REQUIREMENT:
Copy out the entries word for word, leaving images aside.

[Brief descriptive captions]
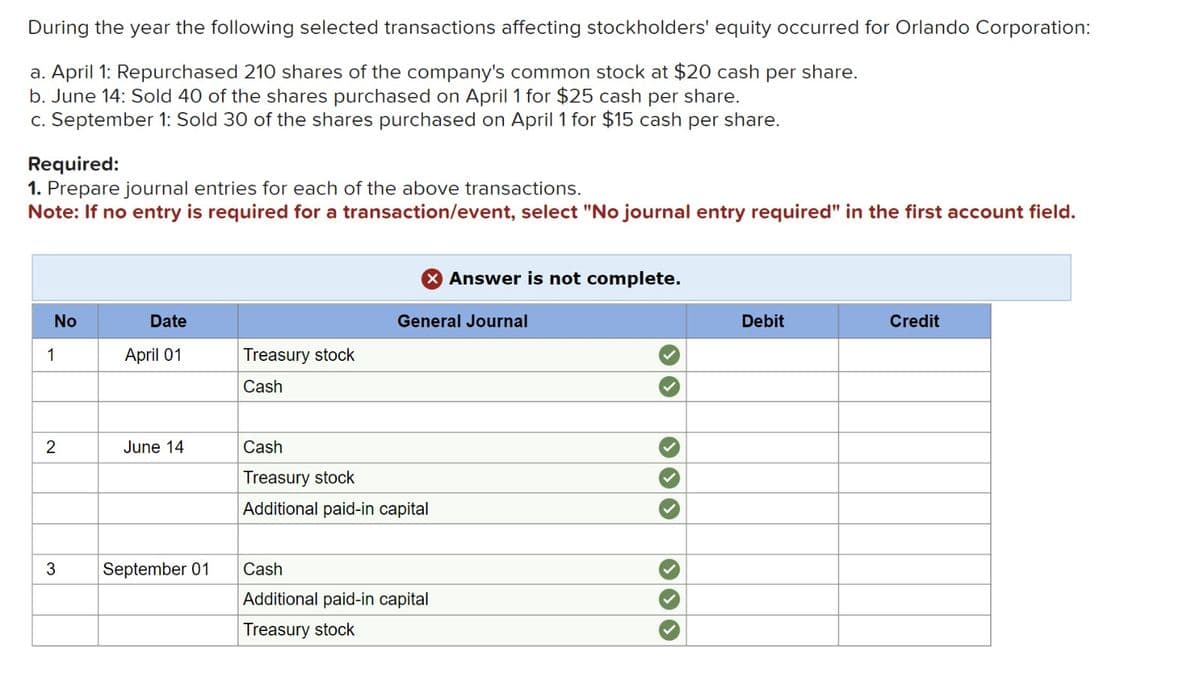 During the year the following selected transactions affecting stockholders' equity occurred for Orlando Corporation:
a. April 1: Repurchased 210 shares of the company's common stock at $20 cash per share.
b. June 14: Sold 40 of the shares purchased on April 1 for $25 cash per share.
c. September 1: Sold 30 of the shares purchased on April 1 for $15 cash per share.
Required:
1. Prepare journal entries for each of the above transactions.
Note: If no entry is required for a transaction/event, select "No journal entry required" in the first account field.
Answer is not complete.
No
1
Date
April 01
General Journal
Debit
Credit
Treasury stock
Cash
2
June 14
Cash
Treasury stock
Additional paid-in capital
3
September 01
Cash
Additional paid-in capital
Treasury stock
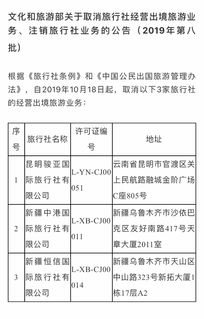 屢登黑榜難以為繼 昆明某旅行社被取消出境旅游經營權，許可證有效期年凍結行業出口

RESULT OF THIS EXERCISE:
 During the year the following selected transactions affecting stockholders' equity occurred for Orlando Corporation:
a. April 1: Repurchased 210 shares of the company's common stock at $20 cash per share.
b. June 14: Sold 40 of the shares purchased on April 1 for $25 cash per share.
c. September 1: Sold 30 of the shares purchased on April 1 for $15 cash per share.
Required:
1. Prepare journal entries for each of the above transactions.
Note: If no entry is required for a transaction/event, select "No journal entry required" in the first account field.
Answer is not complete.
No
1
Date
April 01
General Journal
Debit
Credit
Treasury stock
Cash
2
June 14
Cash
Treasury stock
Additional paid-in capital
3
September 01
Cash
Additional paid-in capital
Treasury stock
 屢登黑榜難以為繼 昆明某旅行社被取消出境旅游經營權，許可證有效期年凍結行業出口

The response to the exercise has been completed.